--- INPUT DATA Enclosed Below ---

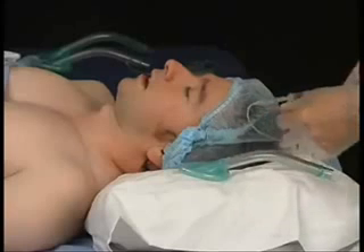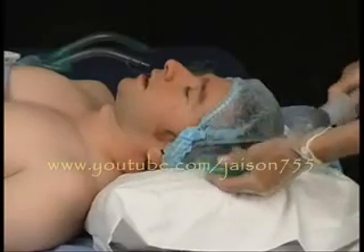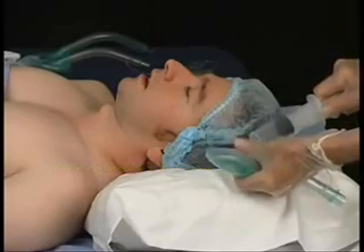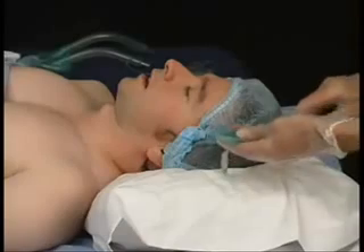Next, prepare the laryngeal mask airway by fully deflating it to a very tight vacuum, contrary to some popular belief that there should be some air in the cuff. This is not so because a filled cuff can collide with the epiglottis.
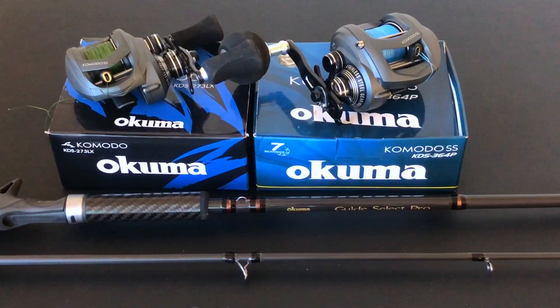This is the Guide Select Pro Rods GSP-C-902H — the Ultimate Ultra Sensitive 3040 Graphite Steelhead Rod with Backbone. It comes in 17 models, one piece or two piece, ranging from 7 foot 6 inches to 10 foot 6 inches, from ultra light to heavy. It also comes in both casting and spinning.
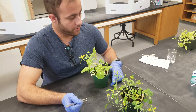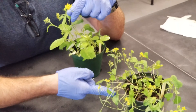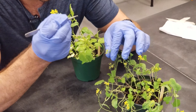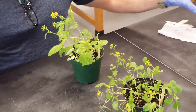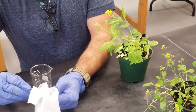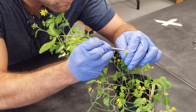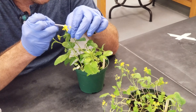Following the same procedure as the last cross, I'm going to cross variegated with wild type. First, I'll remove the anther with the pollen from the variegated and pollinate the pistil on the wild type. Then I'll clean off my forceps and set up the reciprocal cross, removing the anther from the wild type and cross-pollinating the pistil on the variegated.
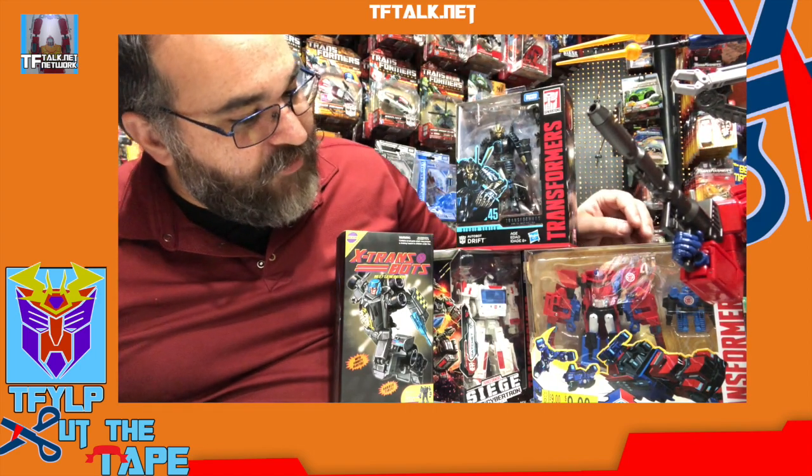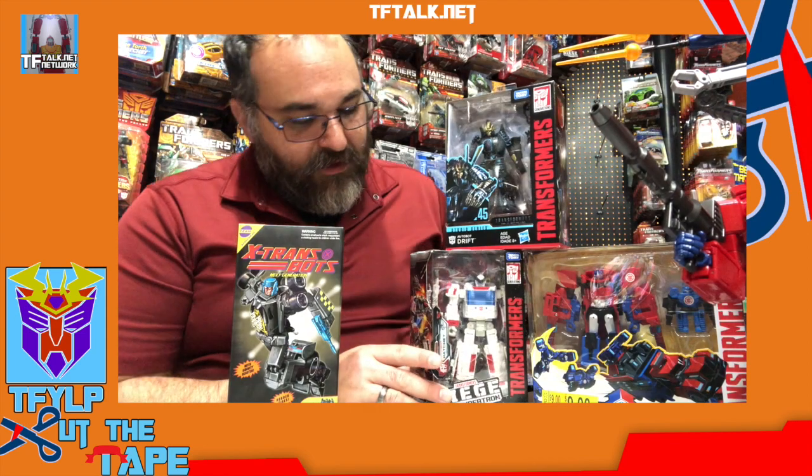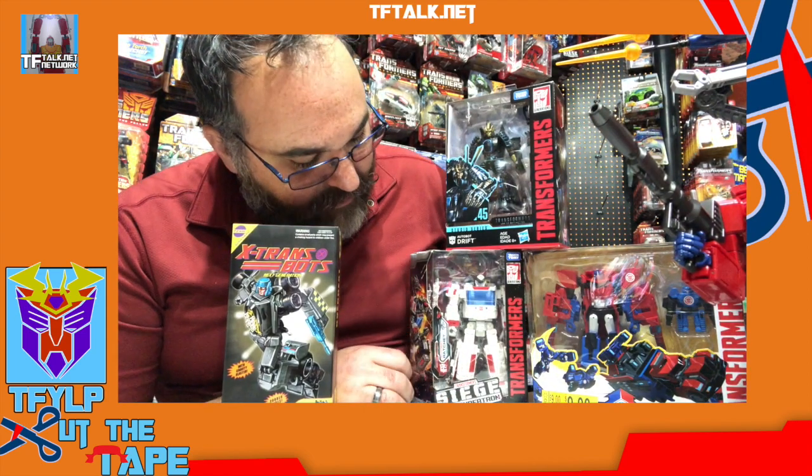I've got Studio Series number 45, Drift. I've got Combiner Force Optimus Prime from Robots in the Skies. I have X-Transbots Overheat — this is the G2 version of Dragstrip. And then I have something pretty new: the War for Cybertron Siege Deluxe Ratchet from Walgreens.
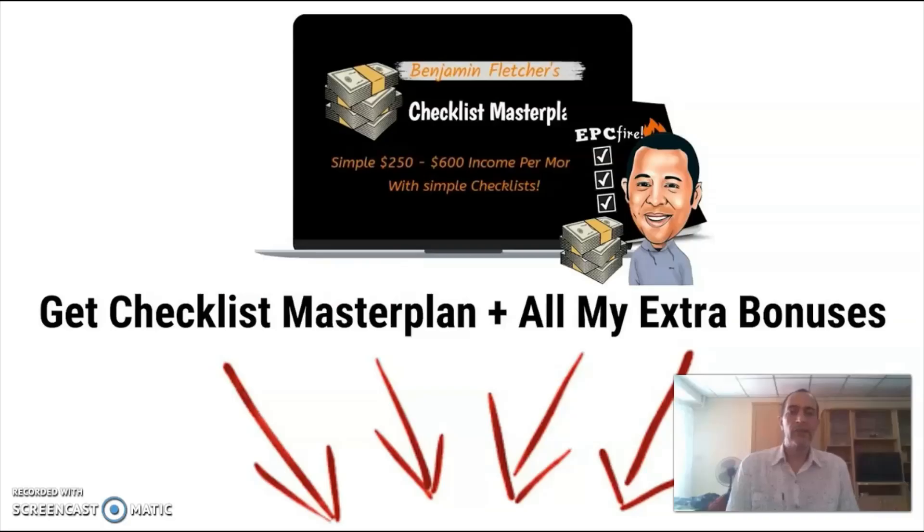We've reached the end of this review and I hope that by now you have a better understanding of what Checklist Masterplan is all about. If you think it fits your needs, remember that you can pick it up together with all my extra bonuses just by clicking on the link below this video. I do hope to see you again in another video.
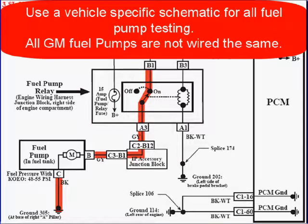You're here because the fuel pump is dead. Use a vehicle-specific schematic for all fuel pump testing. All GM fuel pumps are not wired the same.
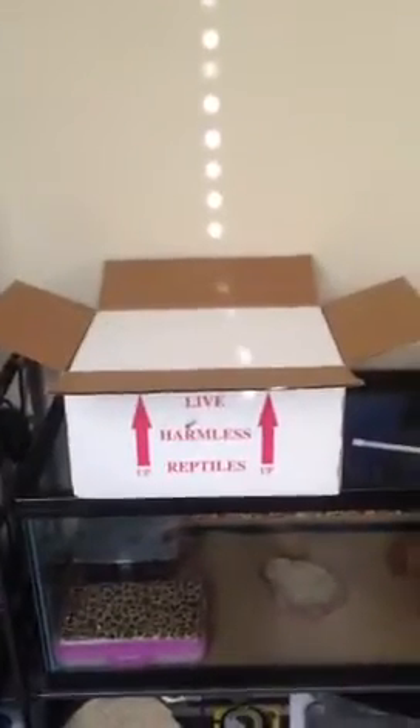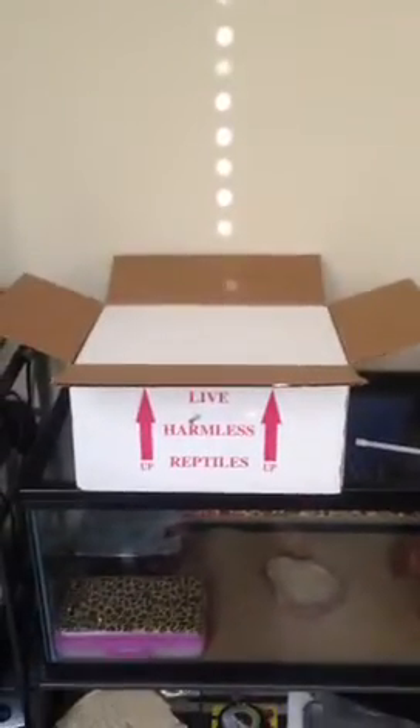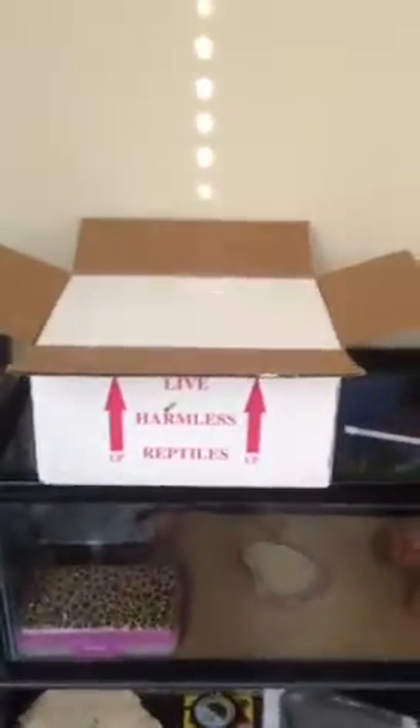Alright guys, I am back, and now I'm going to go ahead and open the box. Kind of bear with me here because I'm only using one hand.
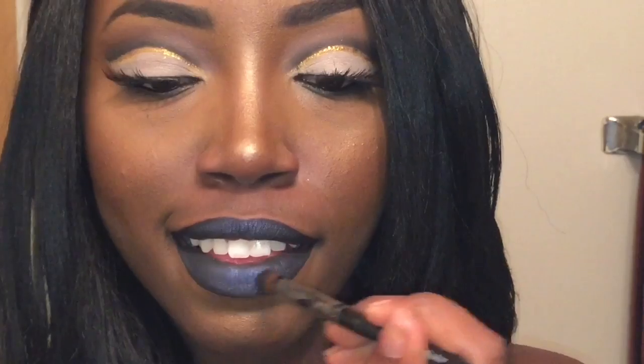Now right on top of that I'm taking this color called Black Tide by MAC — it's just a dark gray-black with some blue and silver sparkles in it, just to bring that silver back into the lip. And in the center I'm taking the color Platinum Silver by NYX, and I'm just popping that right in the center for an ombre effect. Then I just concealed and that is the final look.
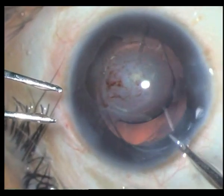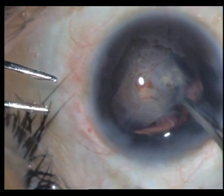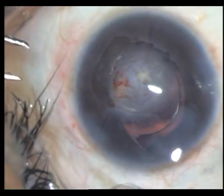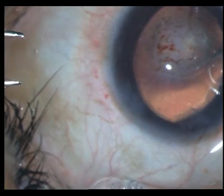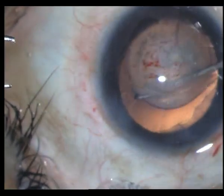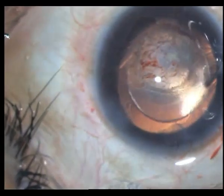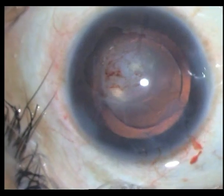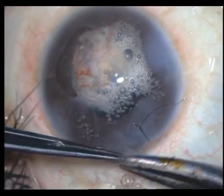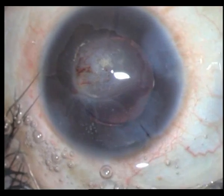Whatever you do, many of these lenses tend to come out in the sulcus anyway. Just putting in my trailing haptic with the aid of a Sinski hook — make sure it's very well horizontally oriented. After injecting my intracameral antibiotic and hydrating the wounds, I just put one suture across.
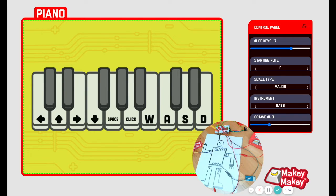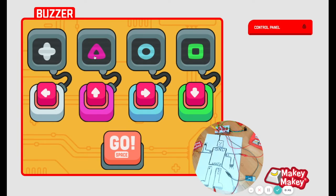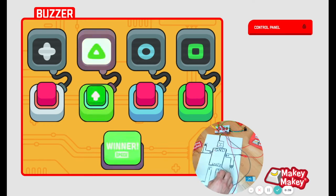We have lots of new fun apps to try. Let's check out the buzzer app to see who buzzes in first. I can press space to start the buzzer app, and then when I press up, the app shows who buzzed in first.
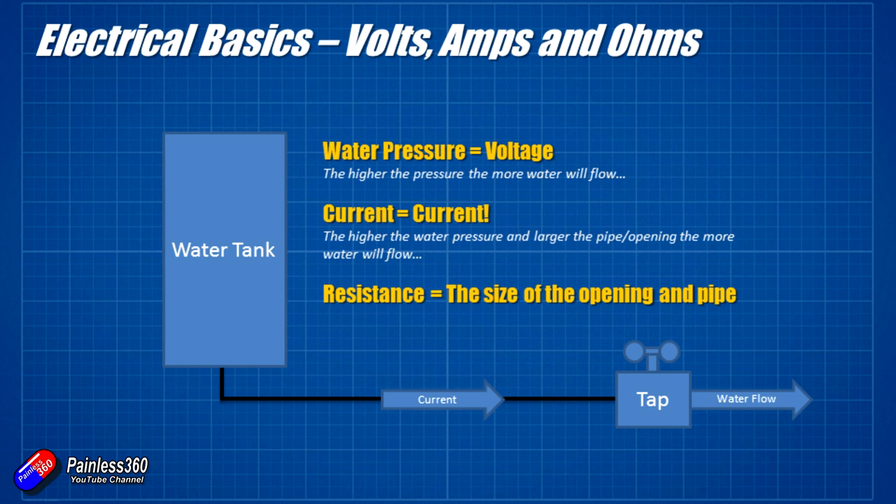The last one, resistance, is a lot easier to understand in this analogy. The resistance is the size of the opening of the pipe. If the pipe coming out of the water tank is only the size of a drinking straw and we open the tap, then the water current — the amount of water flowing — even if the water pressure is incredibly high, is going to be quite low. Similarly, if that pipe is two meters wide and we open a big valve, then even with a relatively low water pressure, a lot of water will rush through very quickly.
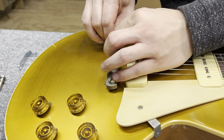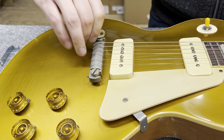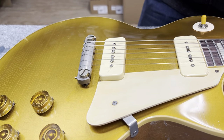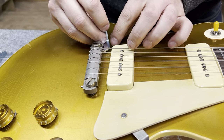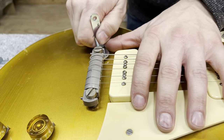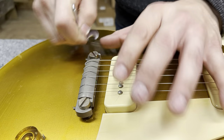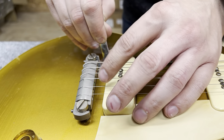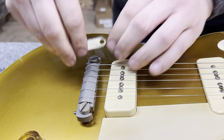With the MCB locking studs, if you want to raise the action, grab the raise action tool and loosen up the top of the stud. Right now we're under tension and that works just fine. Put the tool underneath the stud, lock into that particular part, and you can crank it to raise the action. Once you get it to the action that you like, you can tighten the stud back down.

--- End of Enclosed INPUT DATA ---

Print each line of the listing, starting at its first and ending with the line that holds "I've got Studio", but skip any pictures.

RESULT FOR THIS TASK
Next, prepare the laryngeal mask airway by fully deflating it to a very tight vacuum, contrary to some popular belief that there should be some air in the cuff. This is not so because a filled cuff can collide with the epiglottis.
This is the Guide Select Pro Rods GSP-C-902H — the Ultimate Ultra Sensitive 3040 Graphite Steelhead Rod with Backbone. It comes in 17 models, one piece or two piece, ranging from 7 foot 6 inches to 10 foot 6 inches, from ultra light to heavy. It also comes in both casting and spinning.
Following the same procedure as the last cross, I'm going to cross variegated with wild type. First, I'll remove the anther with the pollen from the variegated and pollinate the pistil on the wild type. Then I'll clean off my forceps and set up the reciprocal cross, removing the anther from the wild type and cross-pollinating the pistil on the variegated.
I've got Studio Series number 45, Drift. I've got Combiner Force Optimus Prime from Robots in the Skies. I have X-Transbots Overheat — this is the G2 version of Dragstrip. And then I have something pretty new: the War for Cybertron Siege Deluxe Ratchet from Walgreens.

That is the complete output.